● **Data provided**
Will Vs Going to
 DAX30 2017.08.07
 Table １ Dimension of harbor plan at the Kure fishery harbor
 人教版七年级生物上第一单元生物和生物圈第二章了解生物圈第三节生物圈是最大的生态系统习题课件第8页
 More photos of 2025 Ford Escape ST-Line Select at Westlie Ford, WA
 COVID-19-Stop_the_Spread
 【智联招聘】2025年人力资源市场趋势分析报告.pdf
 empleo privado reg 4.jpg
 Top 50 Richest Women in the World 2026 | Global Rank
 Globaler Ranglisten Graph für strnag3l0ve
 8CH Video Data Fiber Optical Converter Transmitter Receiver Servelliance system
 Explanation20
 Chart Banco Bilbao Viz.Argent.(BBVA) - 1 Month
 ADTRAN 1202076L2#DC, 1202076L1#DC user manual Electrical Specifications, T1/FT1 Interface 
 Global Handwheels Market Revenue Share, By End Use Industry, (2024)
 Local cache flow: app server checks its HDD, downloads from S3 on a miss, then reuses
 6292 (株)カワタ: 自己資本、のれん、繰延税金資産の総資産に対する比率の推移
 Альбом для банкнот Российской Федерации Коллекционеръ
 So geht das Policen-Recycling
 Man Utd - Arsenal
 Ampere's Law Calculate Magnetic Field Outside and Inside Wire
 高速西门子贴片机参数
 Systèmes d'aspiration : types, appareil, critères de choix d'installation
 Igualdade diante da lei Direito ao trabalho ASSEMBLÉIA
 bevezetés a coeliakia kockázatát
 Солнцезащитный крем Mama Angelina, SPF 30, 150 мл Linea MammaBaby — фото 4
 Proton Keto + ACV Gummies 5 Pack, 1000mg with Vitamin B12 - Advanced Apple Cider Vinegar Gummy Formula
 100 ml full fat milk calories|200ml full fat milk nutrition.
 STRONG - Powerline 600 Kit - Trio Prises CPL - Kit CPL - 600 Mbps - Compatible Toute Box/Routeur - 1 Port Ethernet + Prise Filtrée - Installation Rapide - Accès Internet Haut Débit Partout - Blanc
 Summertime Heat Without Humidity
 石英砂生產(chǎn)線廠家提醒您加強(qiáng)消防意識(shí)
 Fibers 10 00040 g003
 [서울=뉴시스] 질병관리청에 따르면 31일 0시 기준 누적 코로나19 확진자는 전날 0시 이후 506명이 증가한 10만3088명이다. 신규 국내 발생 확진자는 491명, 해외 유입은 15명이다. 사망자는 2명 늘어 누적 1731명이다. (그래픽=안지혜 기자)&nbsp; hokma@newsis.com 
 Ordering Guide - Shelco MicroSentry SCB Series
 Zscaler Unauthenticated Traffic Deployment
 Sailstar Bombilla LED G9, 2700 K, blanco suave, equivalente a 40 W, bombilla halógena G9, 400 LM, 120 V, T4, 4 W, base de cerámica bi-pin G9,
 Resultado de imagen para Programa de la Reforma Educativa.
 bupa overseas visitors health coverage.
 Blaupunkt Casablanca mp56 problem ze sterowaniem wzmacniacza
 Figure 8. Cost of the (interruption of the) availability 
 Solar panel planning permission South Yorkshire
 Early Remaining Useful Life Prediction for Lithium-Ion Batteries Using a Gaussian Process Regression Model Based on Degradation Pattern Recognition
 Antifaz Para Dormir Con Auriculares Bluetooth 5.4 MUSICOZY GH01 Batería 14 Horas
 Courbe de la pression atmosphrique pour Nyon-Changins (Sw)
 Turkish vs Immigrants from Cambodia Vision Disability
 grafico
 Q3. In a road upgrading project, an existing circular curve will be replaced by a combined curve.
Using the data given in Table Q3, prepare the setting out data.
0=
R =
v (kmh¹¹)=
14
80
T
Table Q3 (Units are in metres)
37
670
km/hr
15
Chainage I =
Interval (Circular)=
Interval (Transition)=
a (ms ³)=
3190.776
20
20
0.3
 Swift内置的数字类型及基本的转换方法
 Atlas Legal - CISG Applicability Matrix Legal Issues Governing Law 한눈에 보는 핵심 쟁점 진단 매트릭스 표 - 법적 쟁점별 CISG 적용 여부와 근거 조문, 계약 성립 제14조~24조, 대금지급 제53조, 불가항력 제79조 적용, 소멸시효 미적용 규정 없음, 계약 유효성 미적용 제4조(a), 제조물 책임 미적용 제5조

● **What you have to do**
Please set down again, word for word, only the lines from the start of the entries through the line with "Chart Banco Bilbao", both ends included.

● **Answer below**
Will Vs Going to
 DAX30 2017.08.07
 Table １ Dimension of harbor plan at the Kure fishery harbor
 人教版七年级生物上第一单元生物和生物圈第二章了解生物圈第三节生物圈是最大的生态系统习题课件第8页
 More photos of 2025 Ford Escape ST-Line Select at Westlie Ford, WA
 COVID-19-Stop_the_Spread
 【智联招聘】2025年人力资源市场趋势分析报告.pdf
 empleo privado reg 4.jpg
 Top 50 Richest Women in the World 2026 | Global Rank
 Globaler Ranglisten Graph für strnag3l0ve
 8CH Video Data Fiber Optical Converter Transmitter Receiver Servelliance system
 Explanation20
 Chart Banco Bilbao Viz.Argent.(BBVA) - 1 Month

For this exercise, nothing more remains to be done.